En outre, le vote sarde lui-même met en évidence et confirme un certain nombre de considérations politiques et démocratiques essentielles. La première est que la moitié de l’électorat est tellement désabusée, éloignée et désintéressée de la compétition électorale qu’elle ne va même pas voter, un état de faiblesse de la démocratie qui non seulement ne peut être ignoré comme l’ont fait les médias, mais doit au contraire être souligné.(...)
L’alliance PD-M5S a gagné grâce aux erreurs de la droite, grâce à la capacité d’Alessandra Todde de présenter une liste avec un visage neuf et renouvelé, attentive aux problèmes d’une région historiquement malmenée, mais elle a gagné avec un écart de moins de 2 000 voix et un pourcentage à peine supérieur à 45 % : 330 000 électeurs par rapport aux 1 447 753 citoyens ayant le droit de vote, c’est-à-dire avec environ 22 % !
Ce fait n’est pas nouveau, il caractérise les « victoires » de tous les vainqueurs, quels qu’ils soient, tant aux élections politiques qu’aux élections régionales et municipales, car il est le résultat des systèmes électoraux mis en place par la droite et le centre-gauche au fil des ans, des mécanismes profondément antidémocratiques conçus pour assurer la capacité de gouverner de la classe dirigeante au détriment de la représentation politique légitime des citoyen.ne.s.

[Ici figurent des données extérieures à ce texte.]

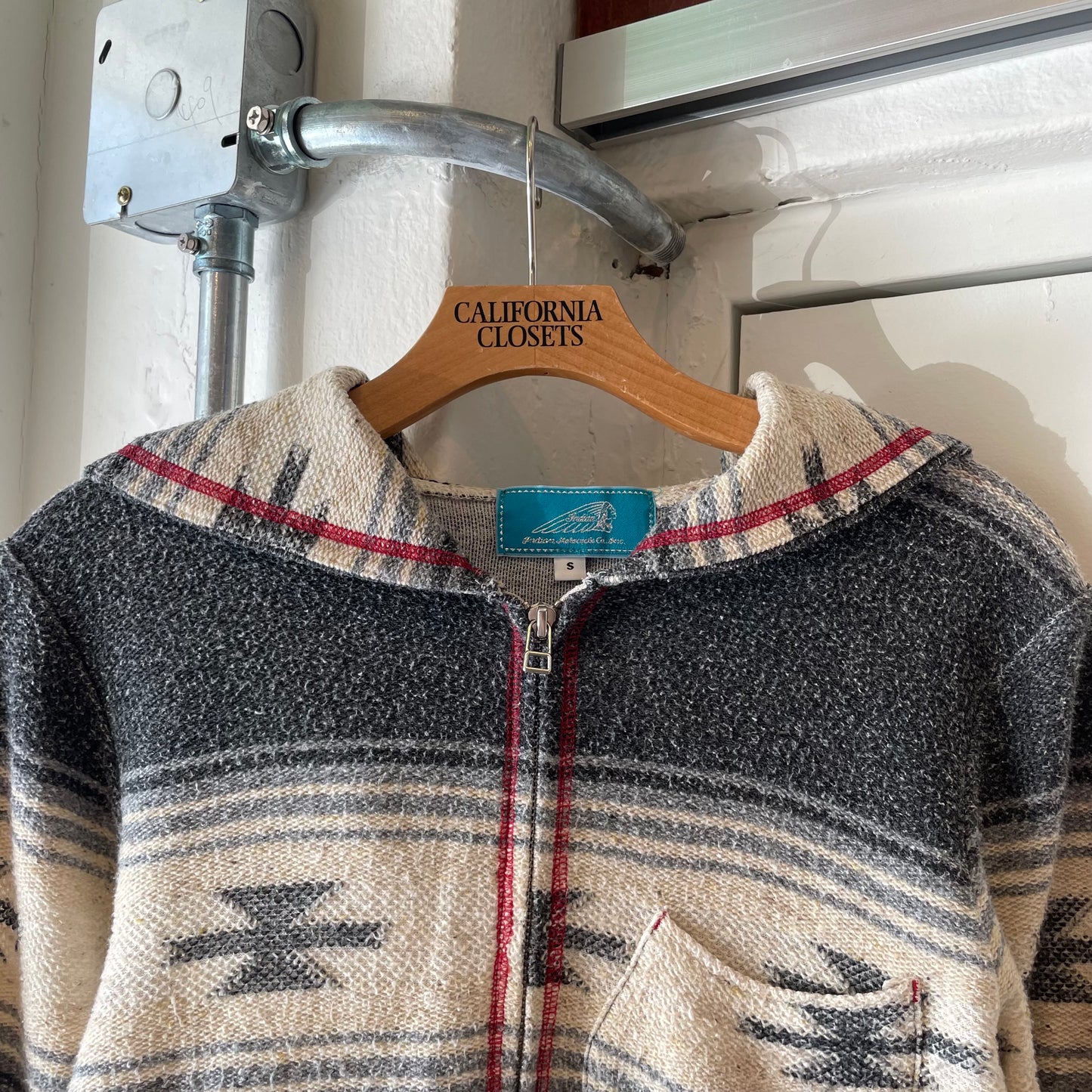 Stripe Zip Hoodie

Un système qui vise à exclure les partis politiques de la scène politique et à les empêcher de participer aux élections. Un système qui vise à exclure des institutions les minorités politiques, même les plus visibles, et surtout une gauche de classe et de combat.
Nous nous trouvons face à une démocratie « représentative » qui n’est qu’un simulacre. Les extrêmes droites, pourtant minoritaires dans le pays, ont pu profiter de ce système électoral (profitant aussi de la nullité du PD et du M5S), pour conquérir une hégémonie numérique absolue au parlement et exercer un pouvoir qui vise aussi à construire une hégémonie politique idéologique dans de larges couches de la population.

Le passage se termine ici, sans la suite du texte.